TASK INSTRUCTIONS: Reproduce only what runs from the line containing "Hey everybody, this" to the line containing "Answer to Question" in the records below, inclusive. Keep it exact, and keep the pictures out.

GIVEN RECORDS:
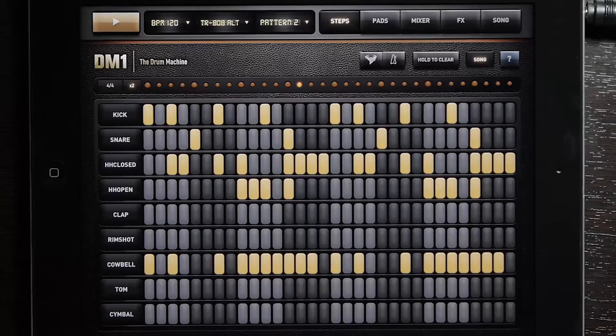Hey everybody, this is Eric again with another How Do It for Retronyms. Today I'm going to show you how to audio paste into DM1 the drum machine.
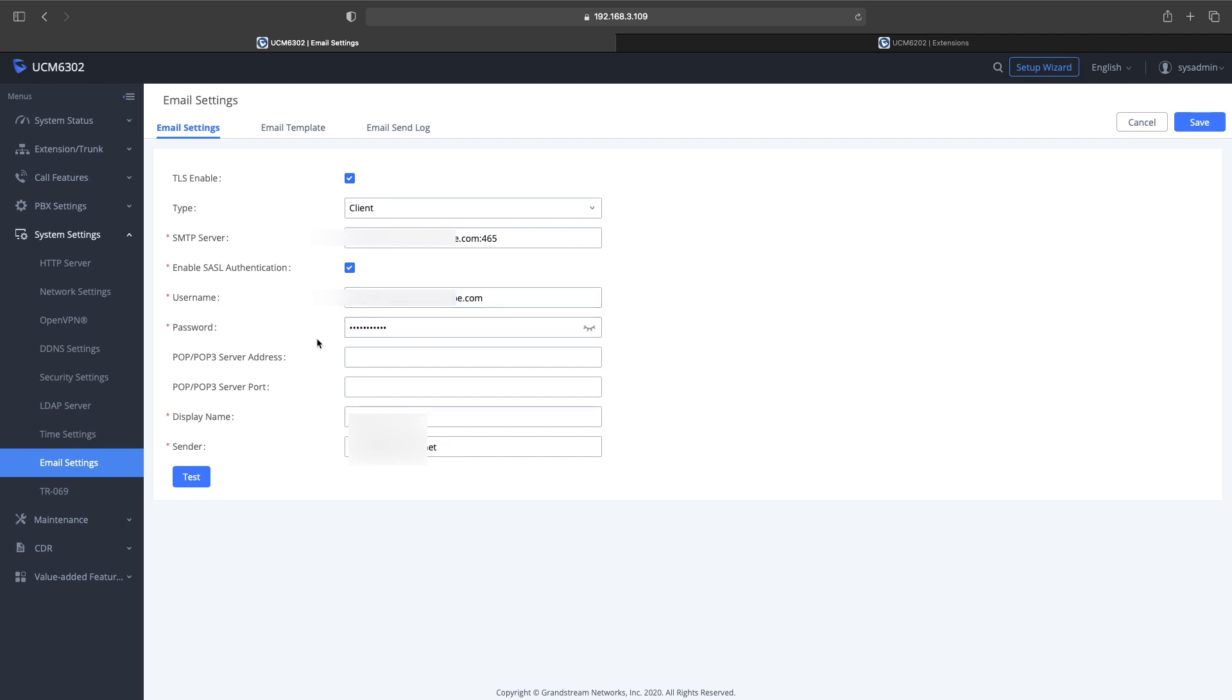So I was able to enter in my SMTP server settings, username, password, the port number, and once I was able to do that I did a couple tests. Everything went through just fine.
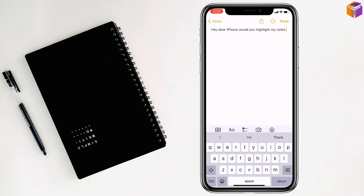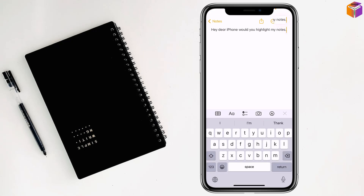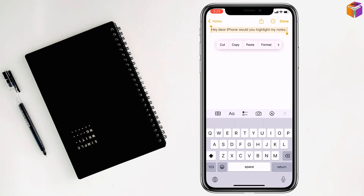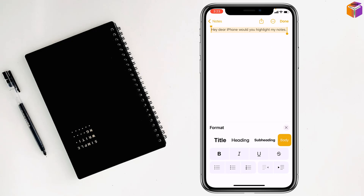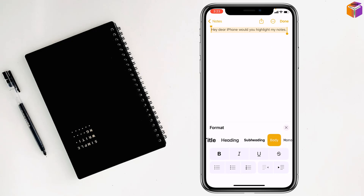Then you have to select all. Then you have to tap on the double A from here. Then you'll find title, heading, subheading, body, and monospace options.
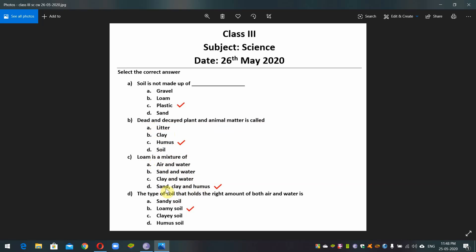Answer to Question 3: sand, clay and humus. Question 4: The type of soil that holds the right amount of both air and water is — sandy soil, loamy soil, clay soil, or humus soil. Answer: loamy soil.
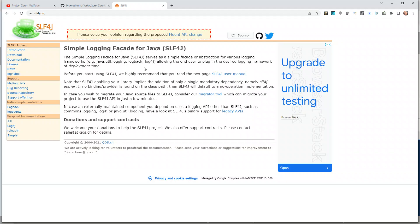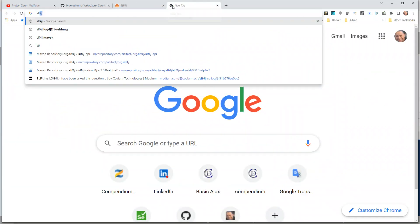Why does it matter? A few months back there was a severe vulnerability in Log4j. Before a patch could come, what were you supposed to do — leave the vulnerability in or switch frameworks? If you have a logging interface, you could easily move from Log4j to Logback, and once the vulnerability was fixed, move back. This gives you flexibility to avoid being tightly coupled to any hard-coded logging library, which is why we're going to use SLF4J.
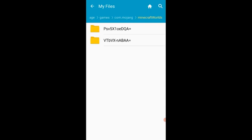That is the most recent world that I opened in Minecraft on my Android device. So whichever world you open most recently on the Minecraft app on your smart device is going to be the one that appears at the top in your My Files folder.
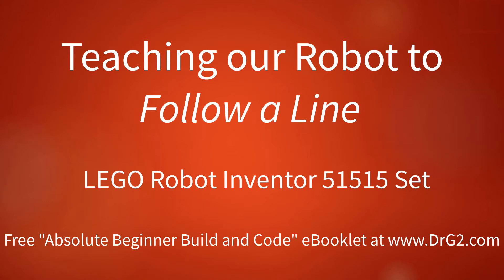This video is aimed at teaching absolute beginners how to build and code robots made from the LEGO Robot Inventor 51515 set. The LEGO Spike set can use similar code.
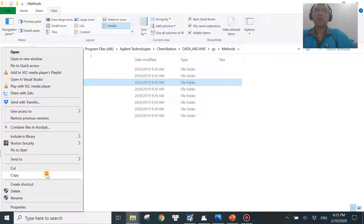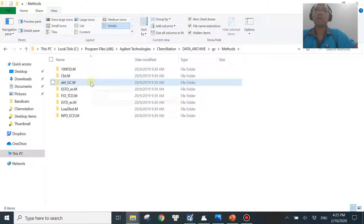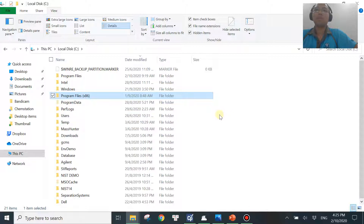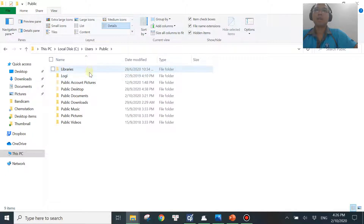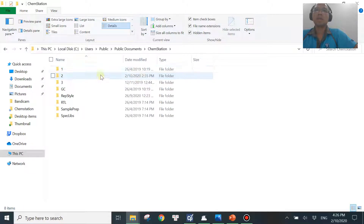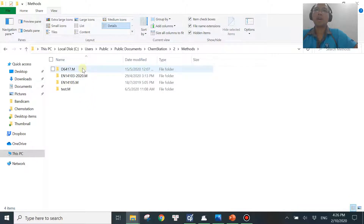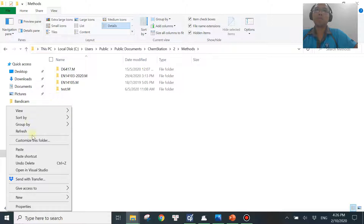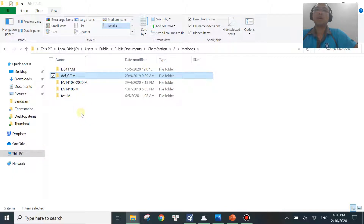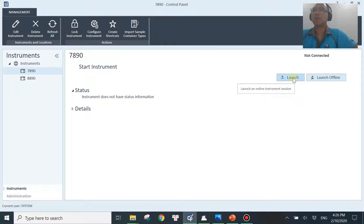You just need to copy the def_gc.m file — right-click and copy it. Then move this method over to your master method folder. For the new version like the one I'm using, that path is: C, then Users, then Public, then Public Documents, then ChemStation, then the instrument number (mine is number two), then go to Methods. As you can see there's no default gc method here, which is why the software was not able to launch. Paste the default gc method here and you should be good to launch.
---
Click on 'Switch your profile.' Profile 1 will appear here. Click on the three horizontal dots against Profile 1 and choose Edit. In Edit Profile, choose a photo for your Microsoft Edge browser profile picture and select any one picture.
--
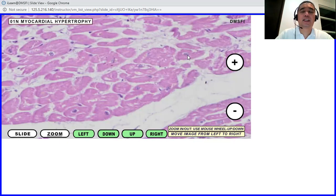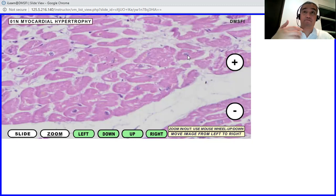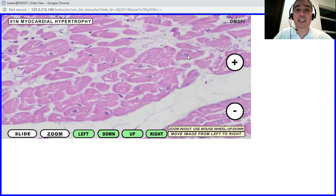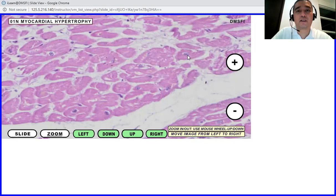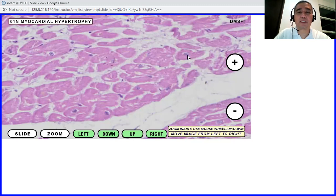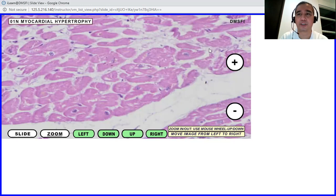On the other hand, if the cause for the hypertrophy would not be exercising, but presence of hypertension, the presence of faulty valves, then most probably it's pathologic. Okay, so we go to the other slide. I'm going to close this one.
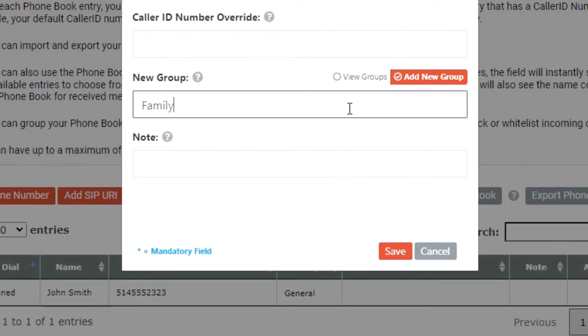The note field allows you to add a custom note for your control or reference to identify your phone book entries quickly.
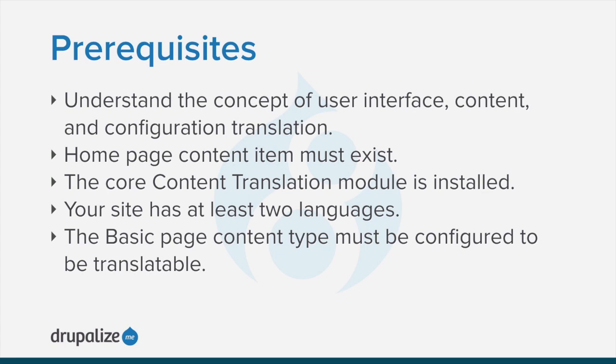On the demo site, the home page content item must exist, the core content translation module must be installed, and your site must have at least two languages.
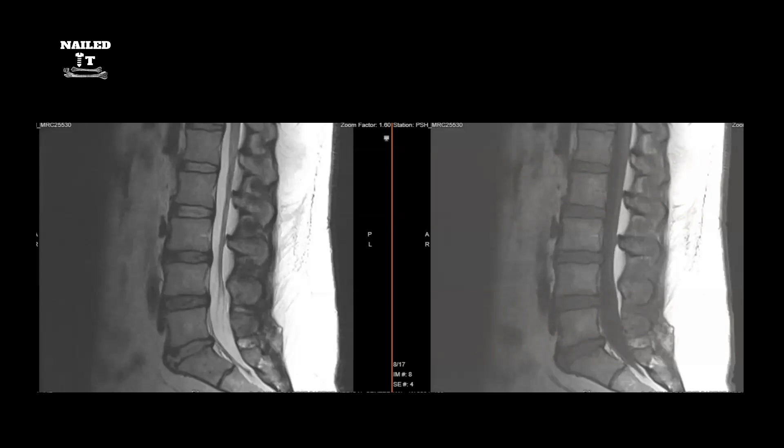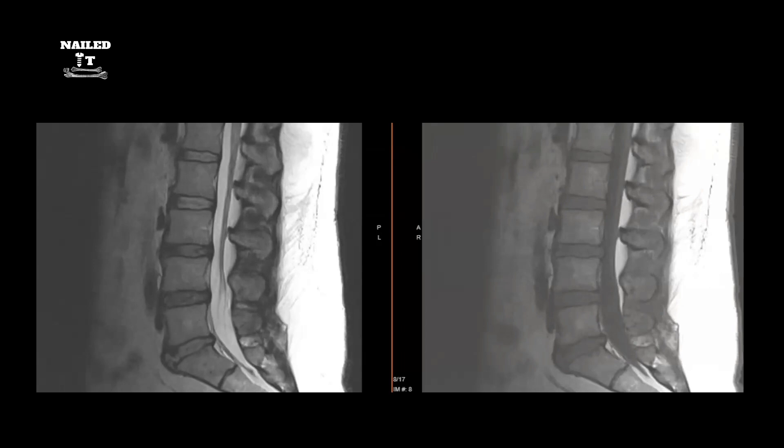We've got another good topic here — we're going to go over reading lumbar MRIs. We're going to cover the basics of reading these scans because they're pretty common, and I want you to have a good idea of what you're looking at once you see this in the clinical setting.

SOLUTION TO THIS TASK:
Hey everybody, this is Eric again with another How Do It for Retronyms. Today I'm going to show you how to audio paste into DM1 the drum machine.
So I was able to enter in my SMTP server settings, username, password, the port number, and once I was able to do that I did a couple tests. Everything went through just fine.
Then you have to select all. Then you have to tap on the double A from here. Then you'll find title, heading, subheading, body, and monospace options.
Answer to Question 3: sand, clay and humus. Question 4: The type of soil that holds the right amount of both air and water is — sandy soil, loamy soil, clay soil, or humus soil. Answer: loamy soil.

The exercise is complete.